Microsoft's plans for security and cross-domain communications in Internet Explorer 8 have received qualified support from the cross industry OpenAjax Alliance. Members of the 100-plus group holding their regular monthly meeting apparently reached a "consensus (not unanimity)" on Microsoft's planned cross-domain request (XDR) …
Another group corrupted.
Microsoft joined the group "for feedback" but it looks like things pushed the other way. M$_support tags OK, ignoring W3C methods OK. Is there anything Microsoft could to break standards that this OpenAJAX group would find fault with?
trojan horse team
I couldn't agree more and I got a little insight into the way it works when I recently read the blog of the guy who let MS into the OLPC and showed them how it all works, so that they can put XP on it and extinguish Sugar.

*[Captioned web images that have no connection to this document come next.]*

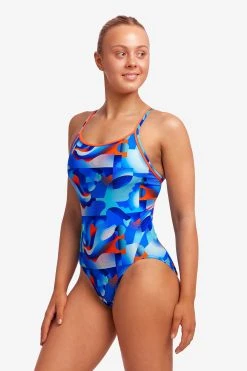 Funkita Ladies Diamond Back One Piece Battle Blue -Funky Trunks shop FS11L BATTLE BLUE 22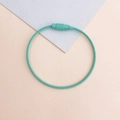 Detail of mint green steel wire keychain with spiral barrel connector for DIY accessories - Green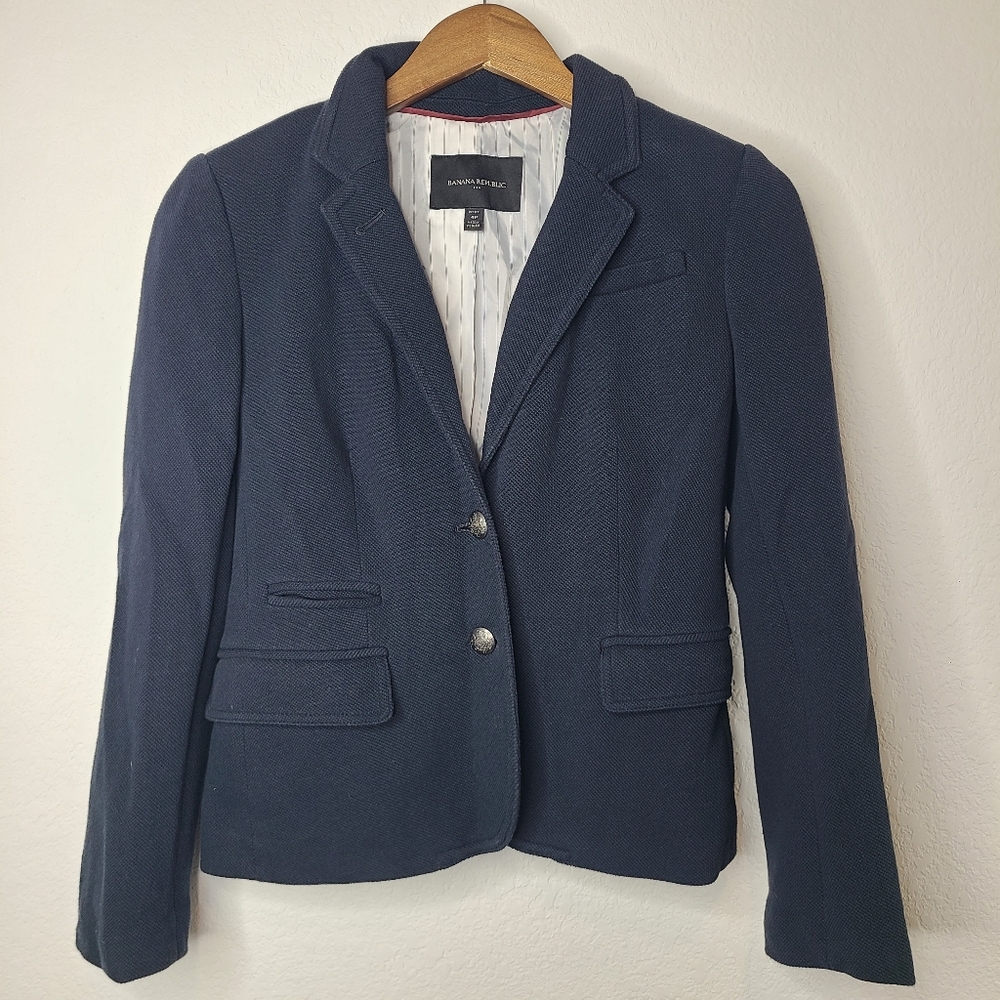 Banana Republic Navy Blue Knit Blazer Two Button 4 Petite 100% Cotton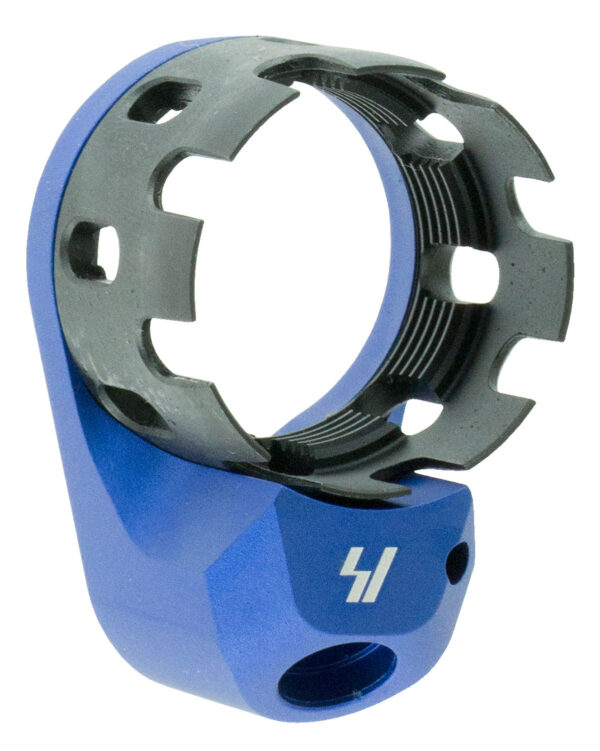 35569 Strike Industries AR Extended QD End Plate & Castle Nut — Blue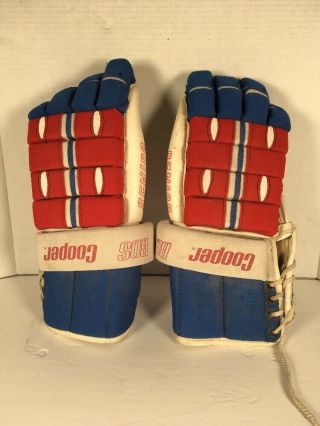 Vintage Cooper Bds Senior Pro Hockey Gloves 15” Red/white/blue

Basically, they send really nice guys who know what they are talking about, and who probably genuinely have really good intentions. Unfortunately, those guys are the trojan horse.
MS buying votes, what a surprise!
"Microsoft has worked hard to increase it credibility with the AJAX community since it joined the OpenAjax Alliance. "
ie. has been busy paying voting shills.
Results can be seen: Those who have been paid, are pro-MS, those haven't, are against.
Majority obviously have been paid. Identical method to that used in OOXML case and obviously the editor is too pro-MS to notice anything weird happening, unlike ther main site editors. Another paid shill?
cross-domain communications ??
They must be kidding!
Why would anyone want to promote a system that works across multiple domains? And why report on it using the word 'security' in the same sentence?
If this is the way AJAX is going, bring on the browsers that have blocking AJAX as a feature. - Yes, I know browsers already block the scripts and I hope that many more join those who already block cross-domain communications.
I need to go and read the HTML5 spec again and remind myself about accessibility requirements. Last time I looked, accessibility was a legal requirement in many countries. Time to put AJAX back onto the intranet where it belongs.